A key causal factor underlying the deterioration of our public mental health delivery system nationally was deinstitutionalization, specifically the lack of funding for alternatives to institutional care, otherwise known as community care. This unfortunate situation was avoidable but for our current decentralized, politicized national healthcare system. But, let me address what happened here in Georgia.
While in the Commissioner’s Office and later on as Director of Health Planning, my assumption was always that the Georgia Legislature would do its part: adequately fund community care as detailed in written documents that they received. They did not. Instead, slashing the budgets of the mental hospitals became just one more way of reallocating money to other more politically important programs, or saving money and cutting taxes so legislators could be reelected.
For the partisans out there, please note that this disaster happened with Democrats as Governors and both Houses in the hands of Democrats. Not that the GOP, consisting originally of former Dixiecrats, has been any better since the relatively recent “coup” placing them in sole power.
To this day when I see a homeless person, and there are many of them including a large number of PTSD vets, I think about the failures of the Georgia State Legislature under both parties. Lack of funding has caused tremendous, unnecessary, and immoral suffering. And, the same problem exists in most states nationwide.
It is never too late to correct the real underlying problem: our fragmented, decentralized national healthcare system. How? The answer is simple technically but not politically: single payer healthcare (think expanded Medicare) with centralized budgeting. Currently, not only is our national healthcare system by far the most expensive, it is one of the worst of the developed nations of the world (per Commonwealth Fund, 7-17).
Bloomberg issued a report a few years ago saying we are 50 out of 55 nations in health system effectiveness. Relative spending as a share of gross domestic product, life expectancy, and health-care spending per capita are key factors in the Bloomberg index. Our system of private health insurance has become outmoded and is eating up more and more of our GNP every year.

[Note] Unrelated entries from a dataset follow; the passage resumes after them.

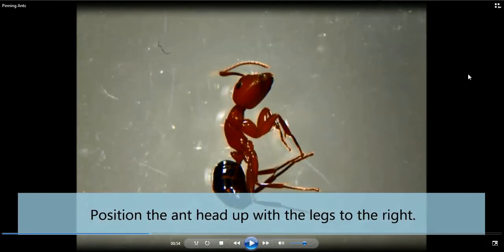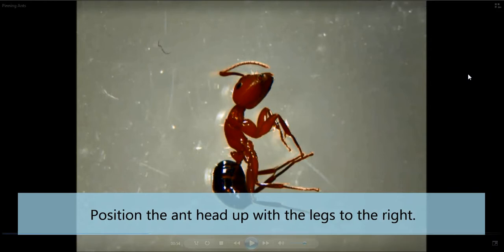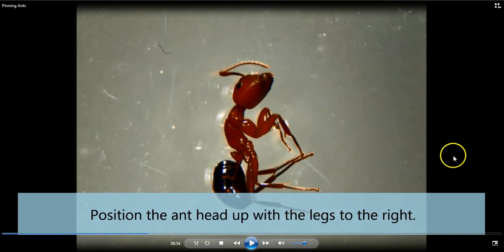Once you get the ant with its legs in the proper position, a little trick to make sure it's oriented properly is to place the ant head up with the legs pointing to the right. We're actually working on a microscope slide here, so you can turn the ant or turn the slide if you want to.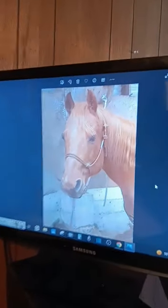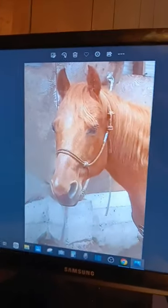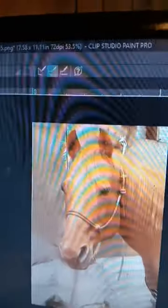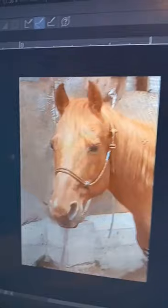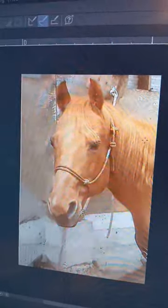We've got a special video today because I am going to be working on a painting. This is a very special horse that belonged to a friend of mine, and this horse passed away not too long ago. His wife asked me to make a portrait of this particular equine specimen.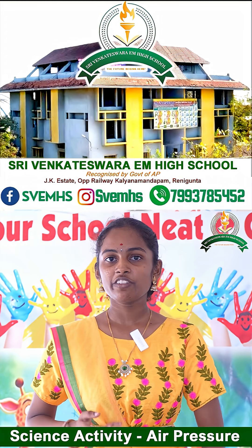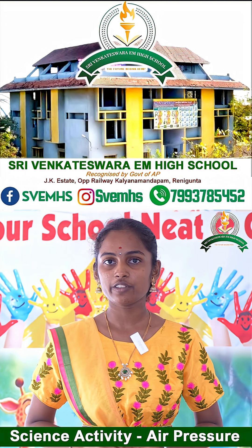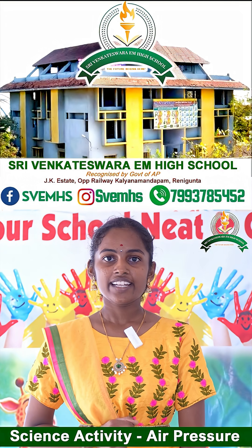Hello everyone, today we are demonstrating air pressure — how we can easily lift a glass. Let's start the activity.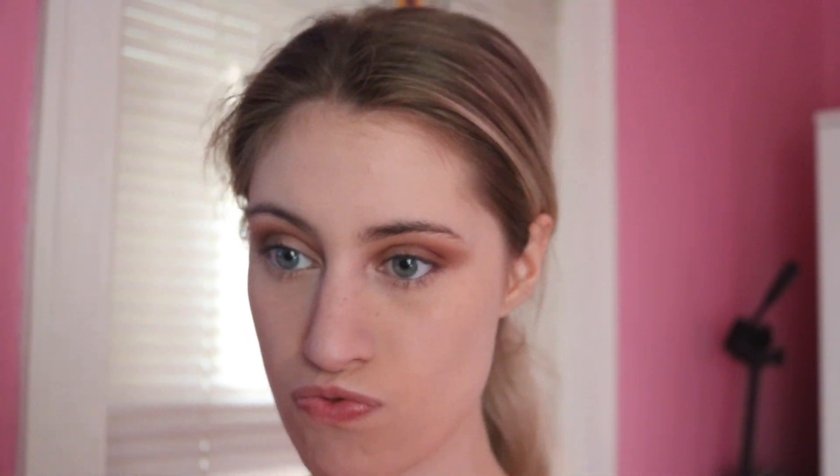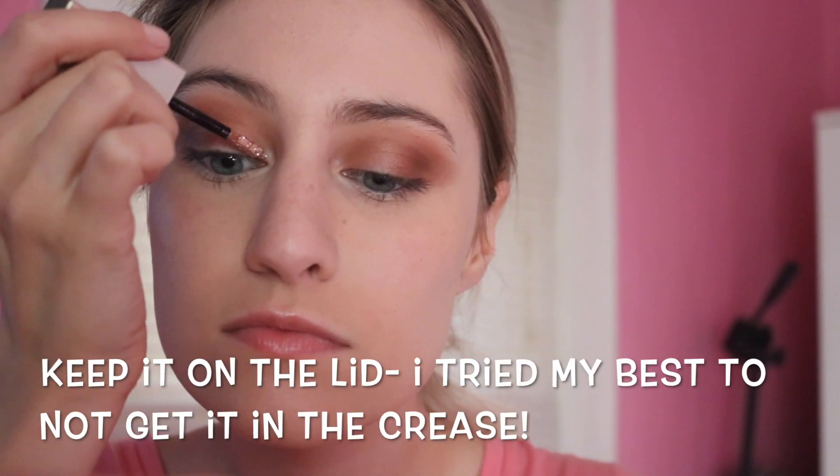It looks a little weird now, but I'm going to put it right there and put a little pop of shine. We'll be right back.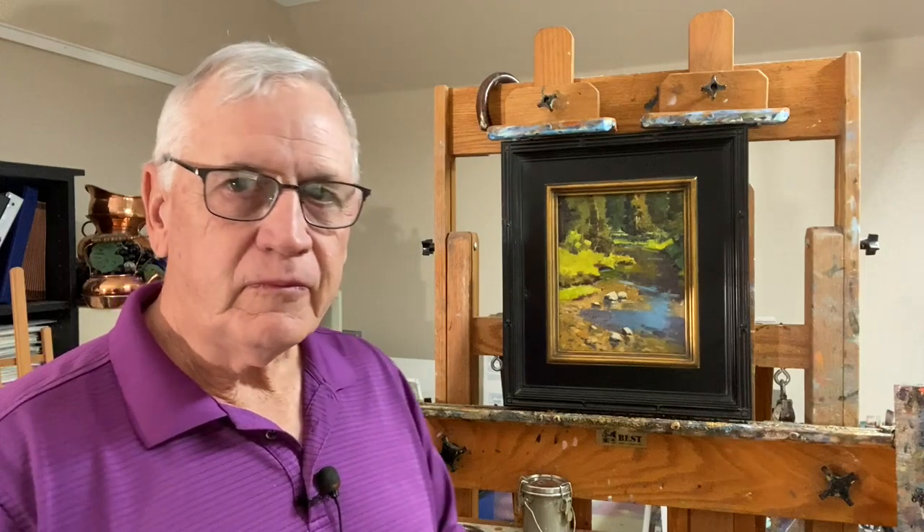Rivers, lakes, oceans. Water is a tremendous theme and it's important to know how to paint it and how to use it in your paintings, and that's what we're going to try and do.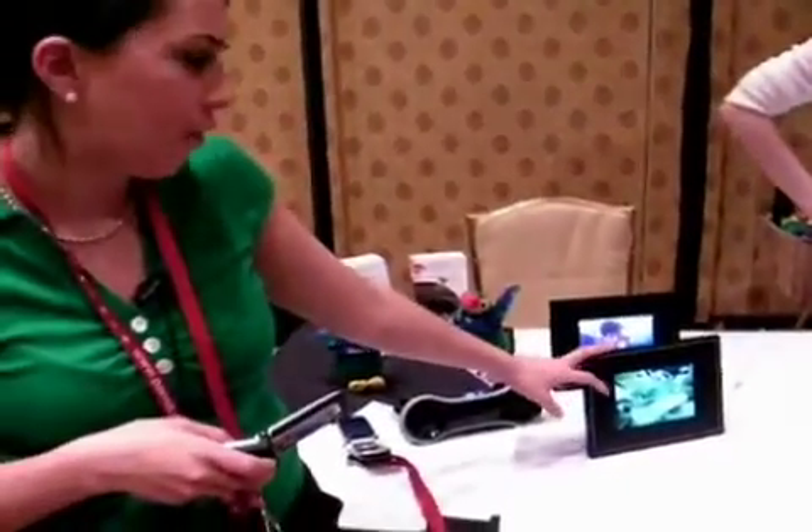Hi, I'm Jacqueline. I work with Parrot, and we're here to show you our new NFC enabled digital photo frame.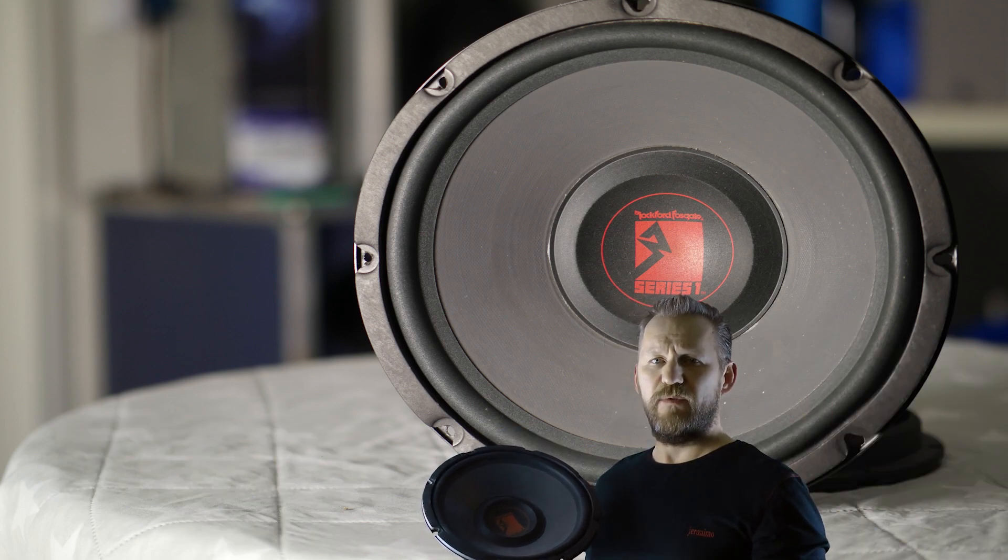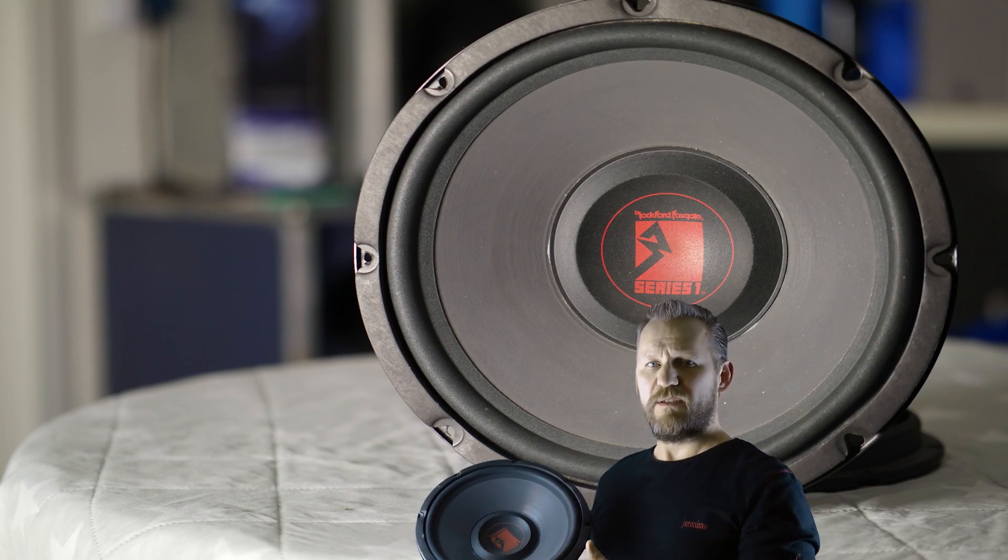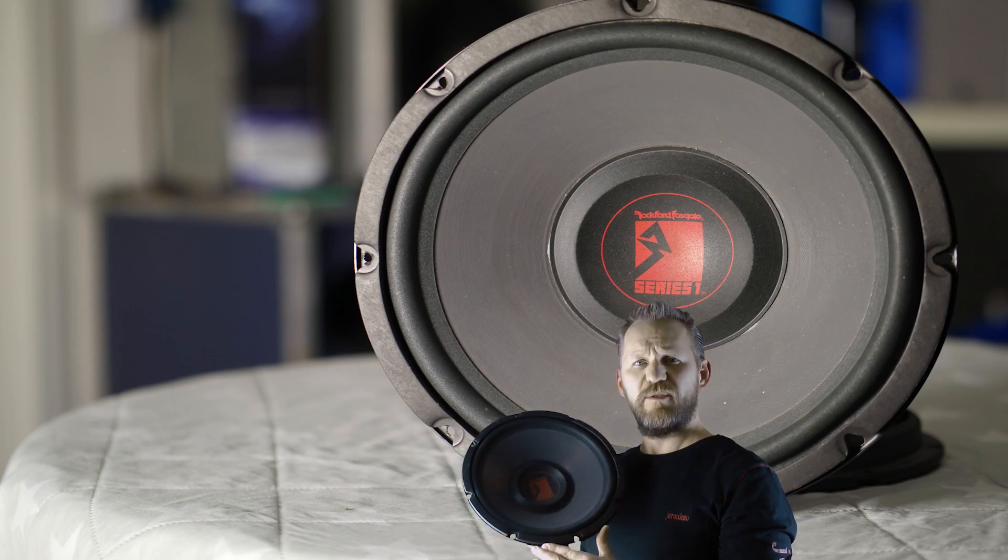These are entry level subwoofers and it was very hard to find the Thiele-Small parameters for this particular subwoofer series. Let's go to the parameters.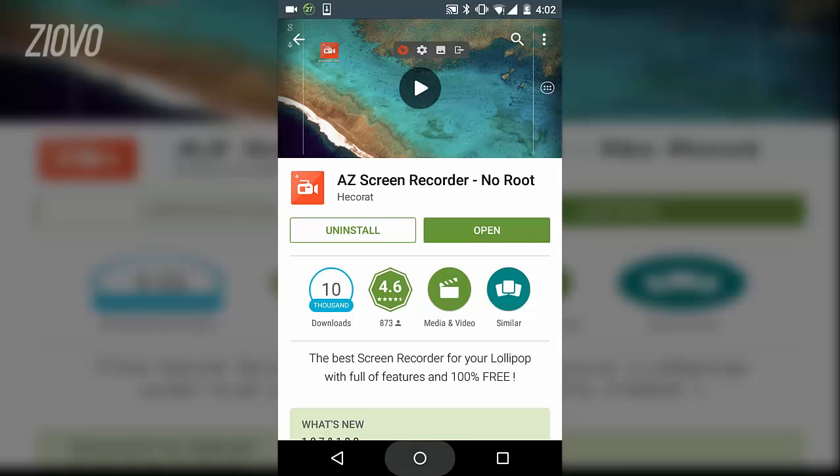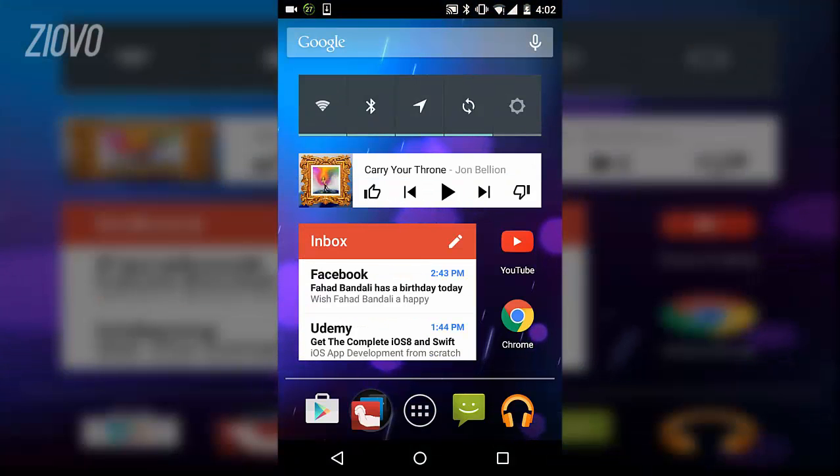So hopefully you guys enjoyed this quick tutorial. If you did, be sure to give it a big thumbs up. And as always, thanks for watching. My name is Iovo, and I'm signing out.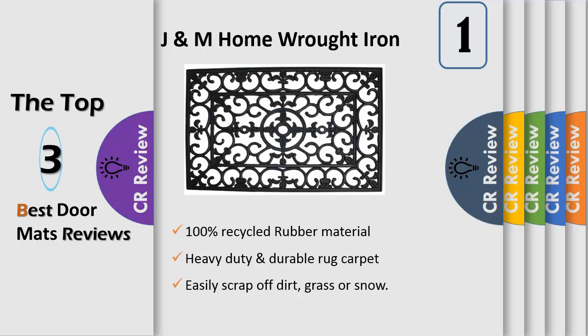Non-slip safety backing: durable rubber material provides non-slip stability with maximum grip to prevent skidding while you walk.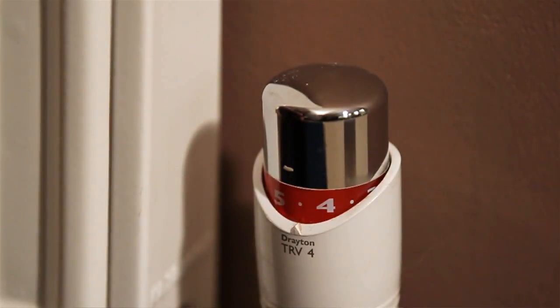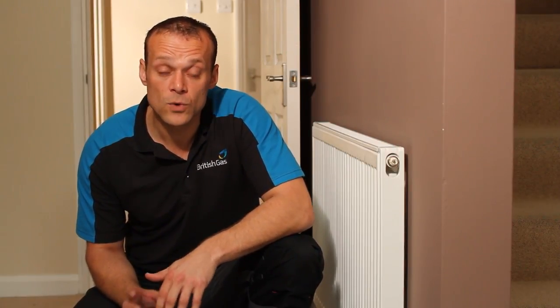Hello, I'm Tony Jones, a British Gas Engineer. I'm going to talk to you about thermostatic radiator valves. Thermostatic radiator valves are a very simple way to give you individual temperature control of your radiators. So if used correctly, this will save you money.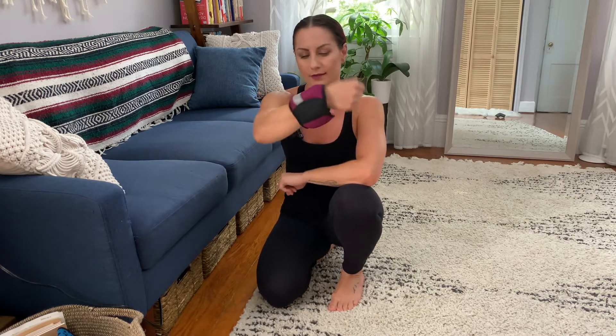We're going to be working on external rotation paired with elbow flexion in tabletop. You're going to need an ankle weight that you'll put around your wrist. If you don't have a weight, that's okay.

Please don’t not believe those blowhard politicians saying, without quoting any sources, that the USA has the best healthcare in the world. All objective studies, including the World Health Organization, have shown the opposite. Look at those homeless people on our streets if you still have any doubts.
If the costs of our current system of physical and mental health were comparable to that of other nations, and rational budgeting were done centrally, there would be sufficient funds for community mental health services and then some. That can only be done via single payer.